* [PROBLEM TO SOLVE] Pictures aside, return every line below exactly as written.

* [DATA RECORDS]
━━━━━━━━

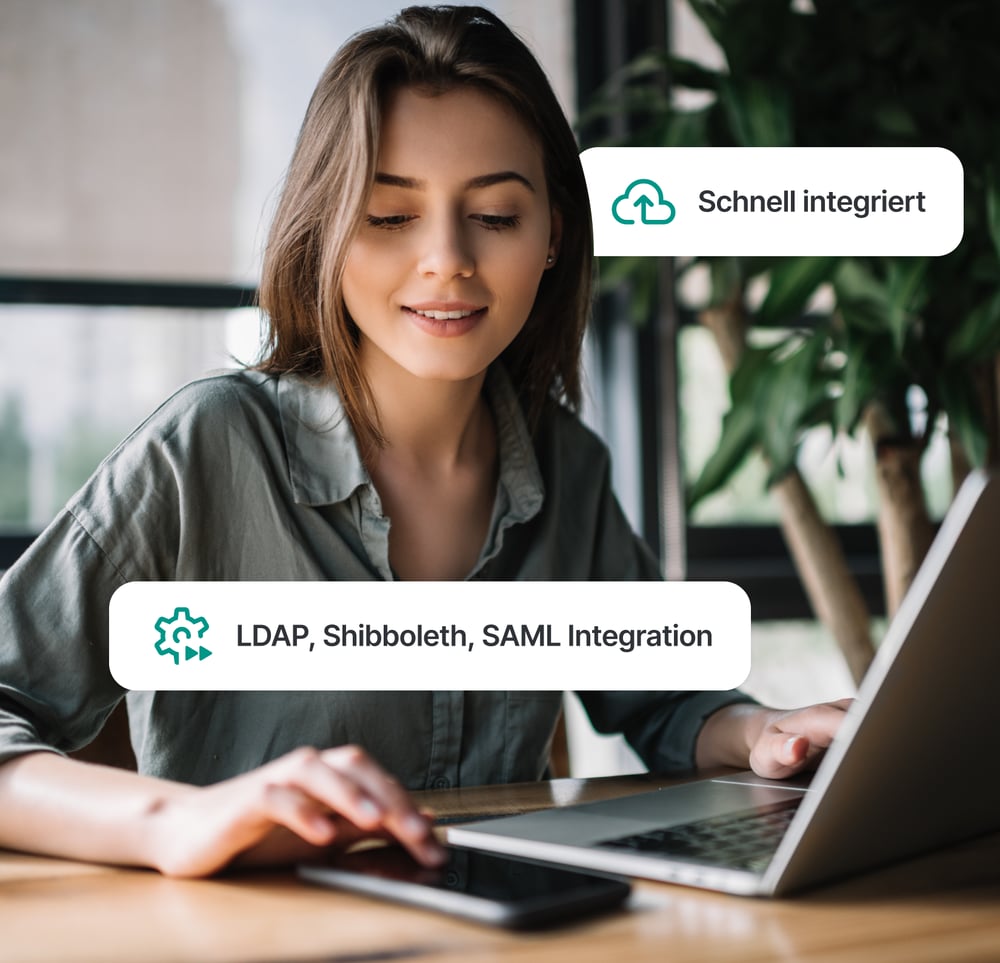 Universitätsmitarbeitende nutzt Studo Lösungen auf Computer und Smartphone, wobei die schnelle Implementierung sowie die LDAP-, Shibboleth- und SAML-Integrationsoptionen hervorgehoben wird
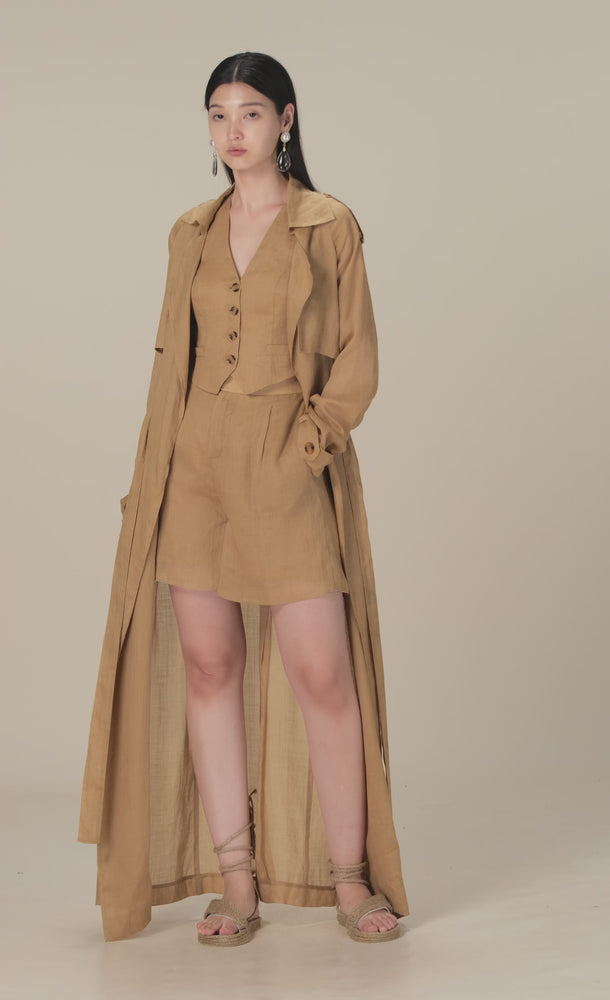
            
                Load and play video in Gallery viewer, CAMEL LINEN TRENCH COAT
            
        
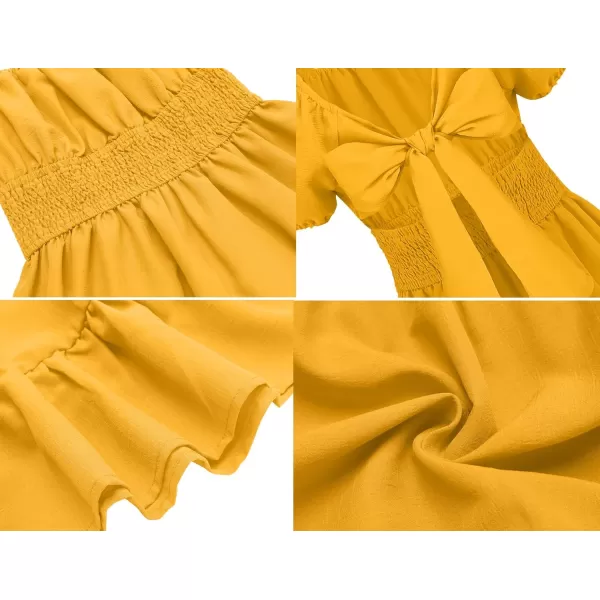 Arshiner Girls Tie Back Short Sleeve Ruffle Hem Off Shoulder Casual Elegant Dresses 4-12 Years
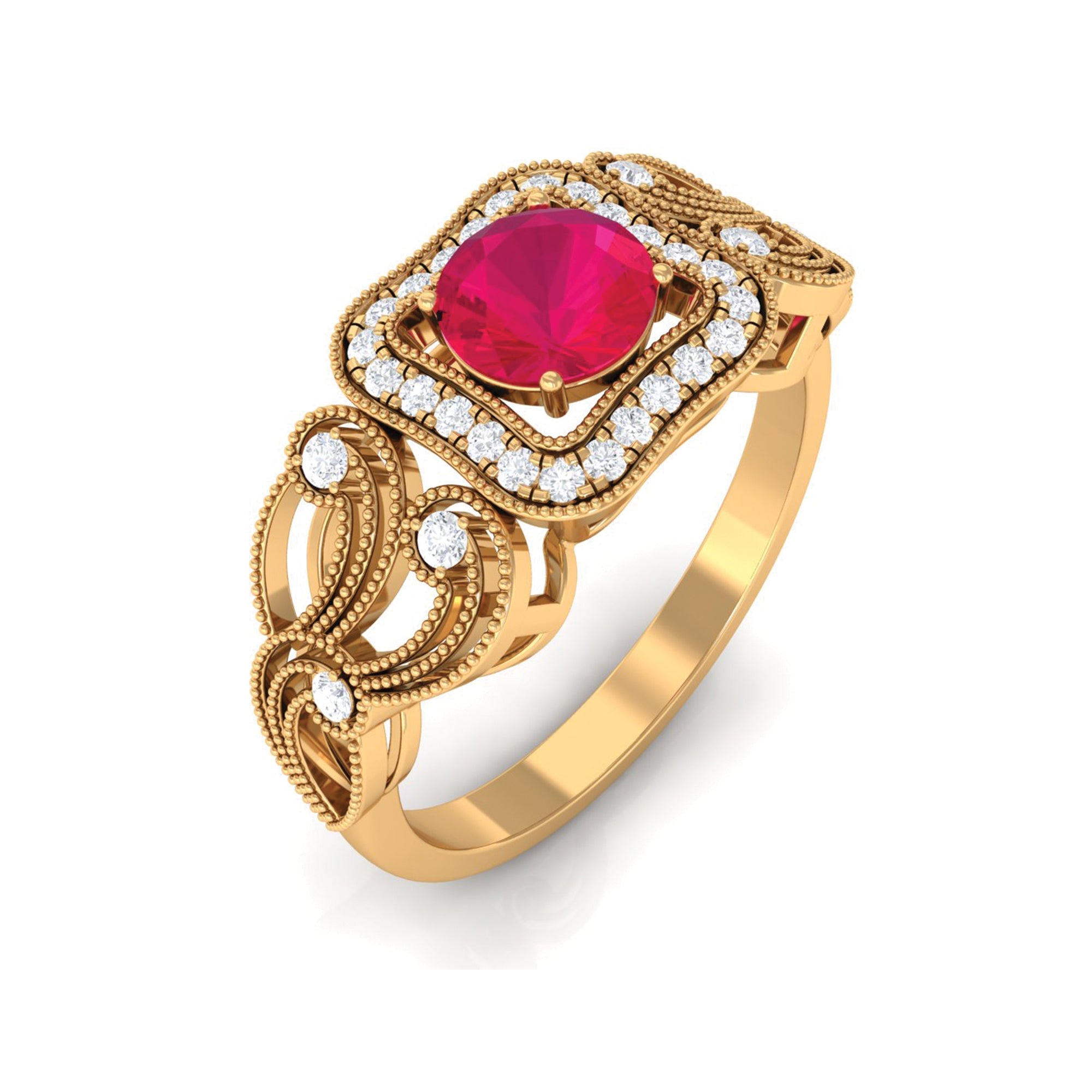 Vintage Ruby Engagement Ring – AAA Quality Diamond Accent With Milgrain Detail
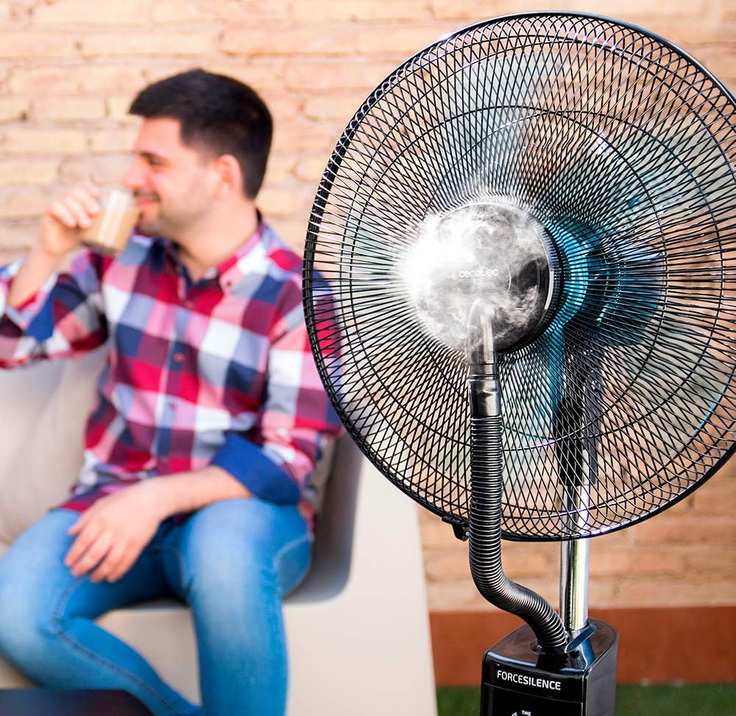 Cecotec Ventilateur nébuliseur EnergySilence 590 FreshEssence. 90 W, 5 pales, Diamètre 40 cm, Moteur en cuivre, 3 Vitesses, Oscillation (590 Freshessence)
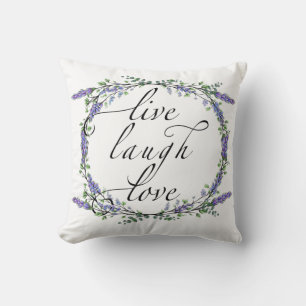 Lavender und Eukalyptus Live Laugh Liebe Kissen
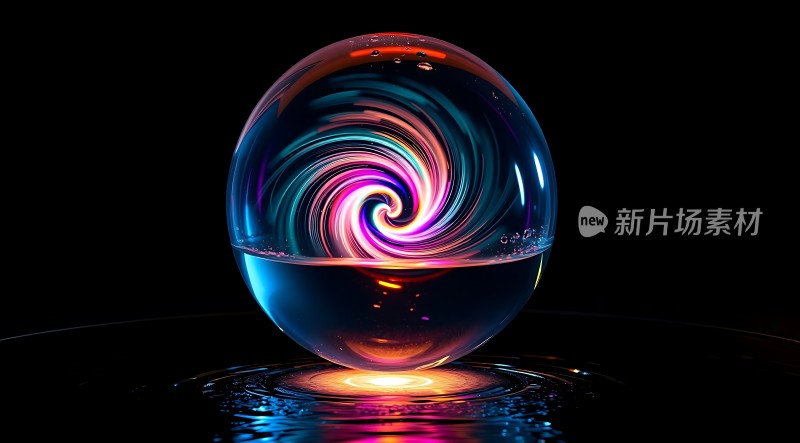 彩色漩涡水球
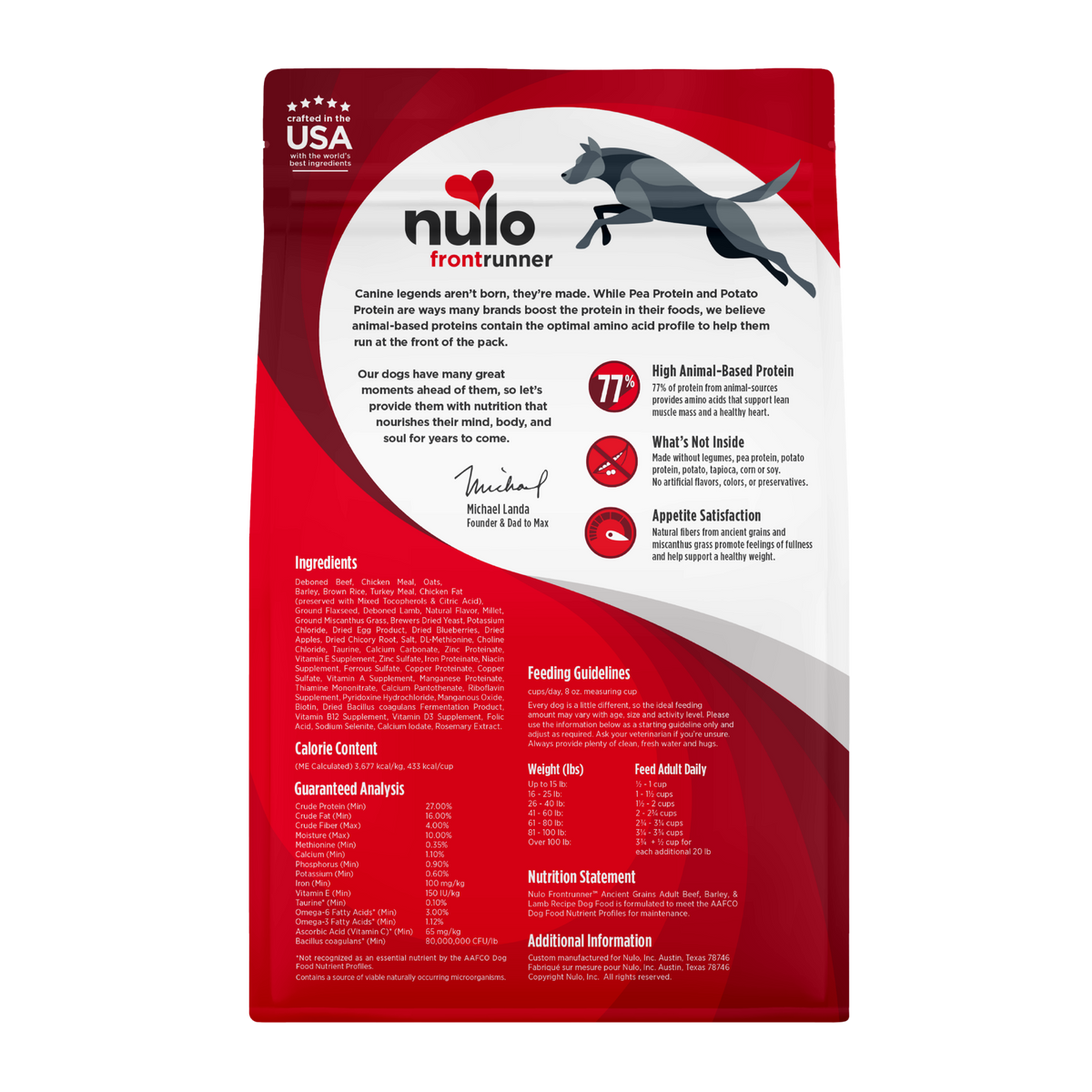 Nulo Frontrunner Beef, Barley & Lamb Adult Dry Dog Food
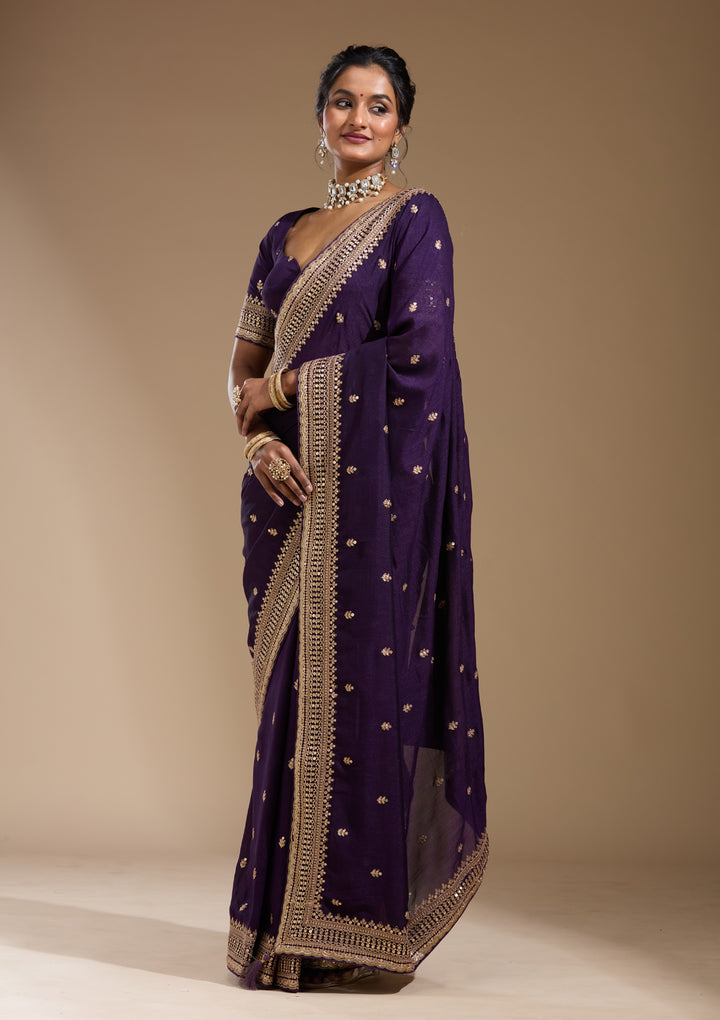 Purple Soft Raw Silk Cording Saree With Matching Blouse Piece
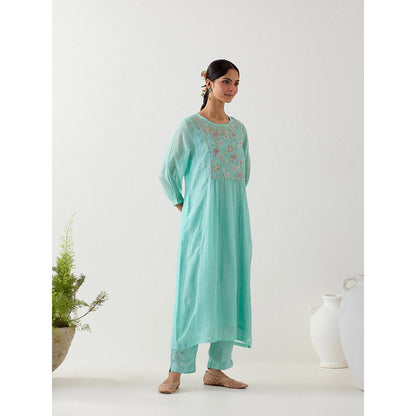 Tatwa Designs Teal Marine Life Kurta with Pant and Slip (Set of 3)
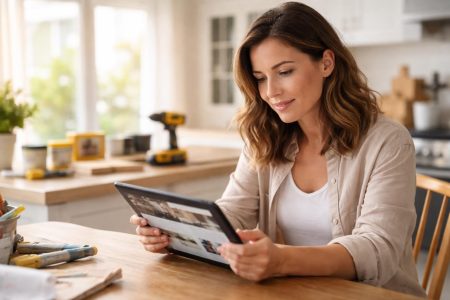 personne-tablette-renovation-piece-moderne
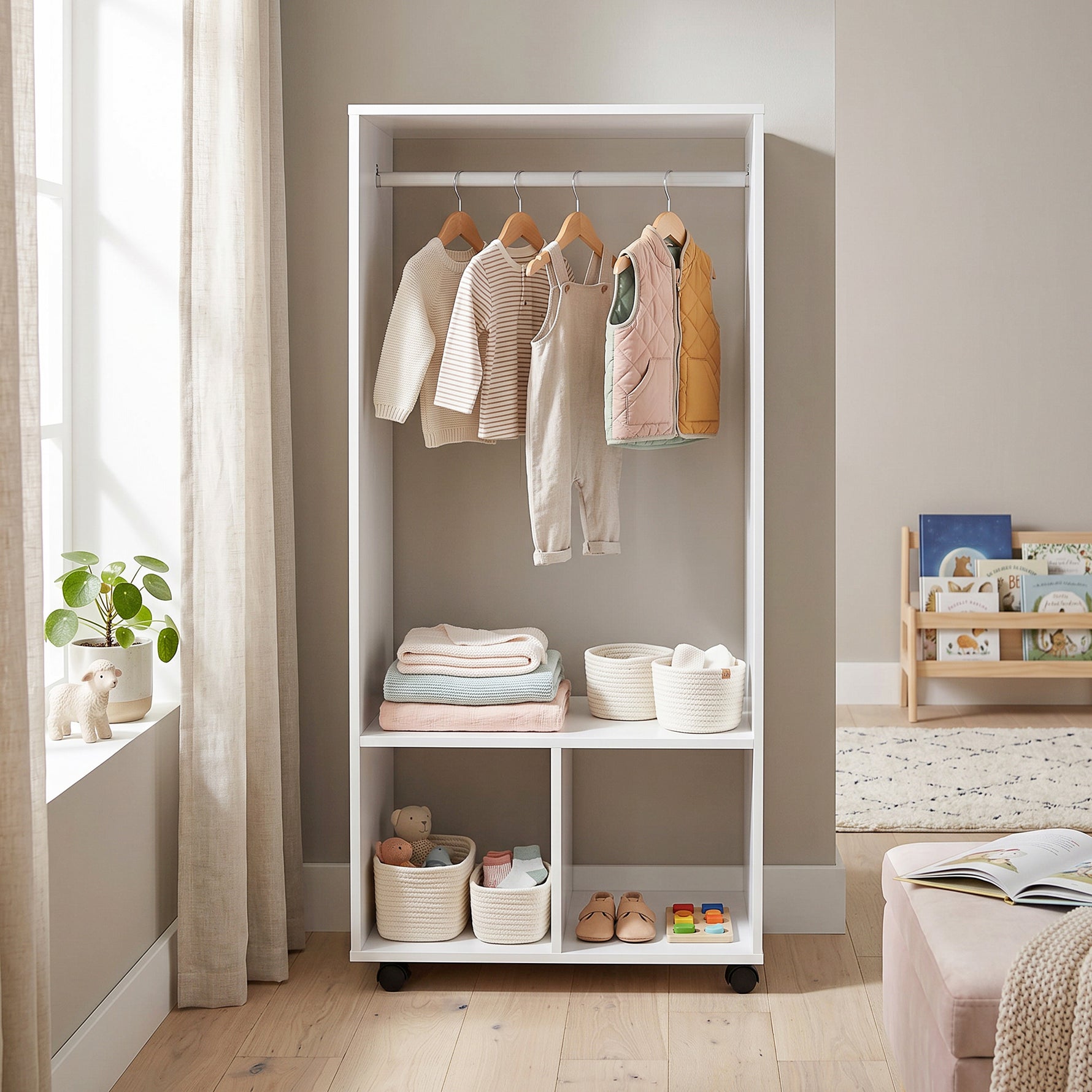 Armoire penderie étagère 2 niches 4 roulettes pivotantes dim. 60L x 40l x 128H cm Blanc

━━━━━━━━

* [SOLUTION TO THE EXERCISE]
 Universitätsmitarbeitende nutzt Studo Lösungen auf Computer und Smartphone, wobei die schnelle Implementierung sowie die LDAP-, Shibboleth- und SAML-Integrationsoptionen hervorgehoben wird
            
                Load and play video in Gallery viewer, CAMEL LINEN TRENCH COAT
            
        
 Arshiner Girls Tie Back Short Sleeve Ruffle Hem Off Shoulder Casual Elegant Dresses 4-12 Years
 Vintage Ruby Engagement Ring – AAA Quality Diamond Accent With Milgrain Detail
 Cecotec Ventilateur nébuliseur EnergySilence 590 FreshEssence. 90 W, 5 pales, Diamètre 40 cm, Moteur en cuivre, 3 Vitesses, Oscillation (590 Freshessence)
 Lavender und Eukalyptus Live Laugh Liebe Kissen
 彩色漩涡水球
 Nulo Frontrunner Beef, Barley & Lamb Adult Dry Dog Food
 Purple Soft Raw Silk Cording Saree With Matching Blouse Piece
 Tatwa Designs Teal Marine Life Kurta with Pant and Slip (Set of 3)
 personne-tablette-renovation-piece-moderne
 Armoire penderie étagère 2 niches 4 roulettes pivotantes dim. 60L x 40l x 128H cm Blanc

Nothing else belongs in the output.